Actually, you may want a dynamic page. Pages may sometimes be delivered from 
some cache along the way perhaps within your own company firewall if someone 
else recently accessed them.
Consider a page that returns the current time or like the following asks for an 
arithmetical calculation to add 5 and 6
https://search.yahoo.com/search?fr=mcafee&type=E211US1249G0&p=%3D5%2B6
Not a great example, and it may not work for you, but there likely is a site 
that can exist that accepts a request for some formatted calculation that you 
can specify dynamically.
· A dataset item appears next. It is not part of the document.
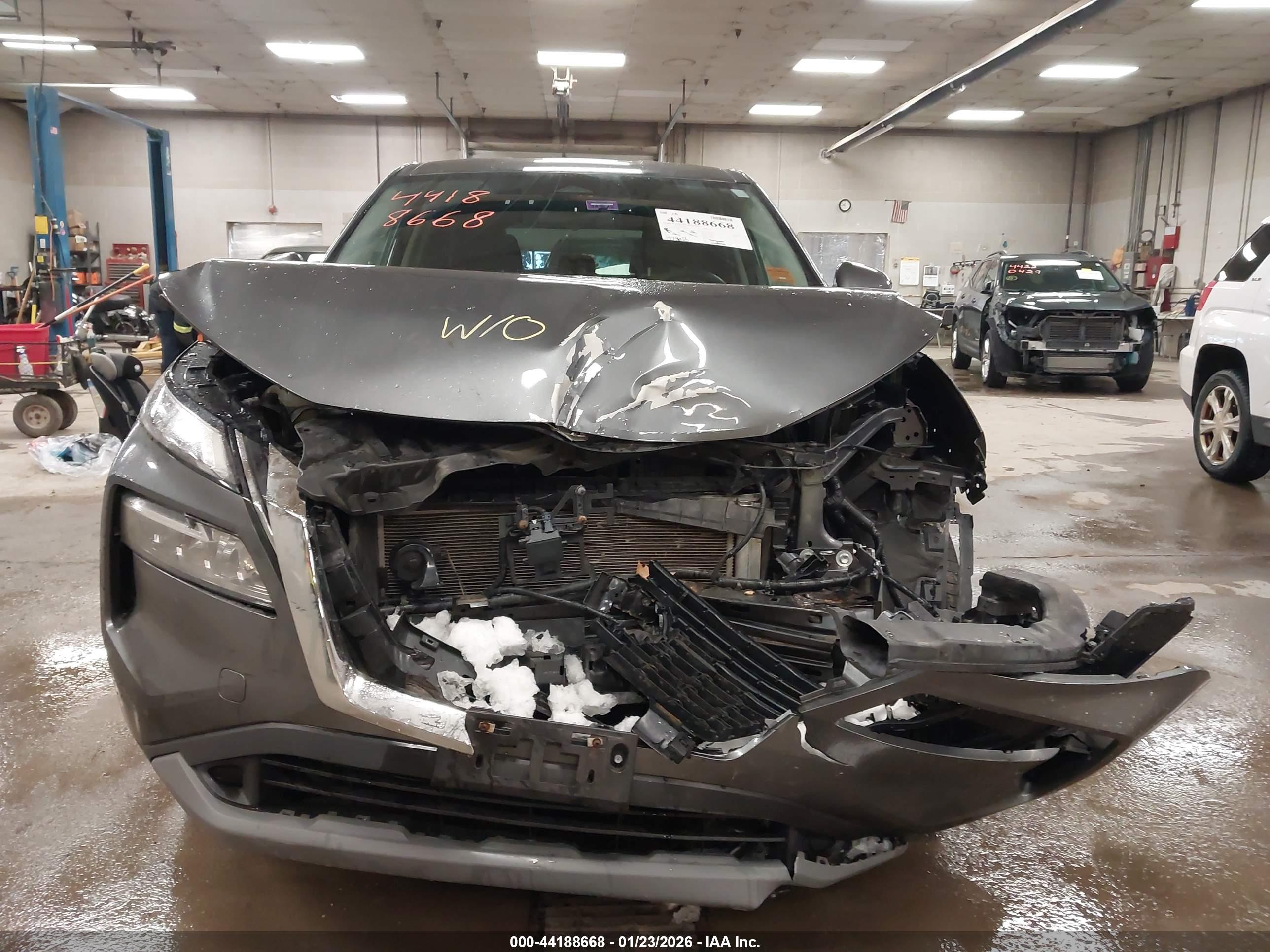 NISSAN ROGUE image 6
You can compare a date/time returned to being accurate 
within some seconds and asking for n*m can obviously be validated.
Of course, once such a ploy is well known, it can be intercepted and sent 
proper results and still fool you into assuming you had full internet access. 
So a site that you can send to and receive back using a cryptographic method 
might be better.



-----Original Message-----
From: Abdur-Rahmaan Janhangeer <arj.pyt...@gmail.com>
To: Python <python-list@python.org>
Sent: Wed, Feb 9, 2022 12:24 pm
Subject: Re: Best way to check if there is internet?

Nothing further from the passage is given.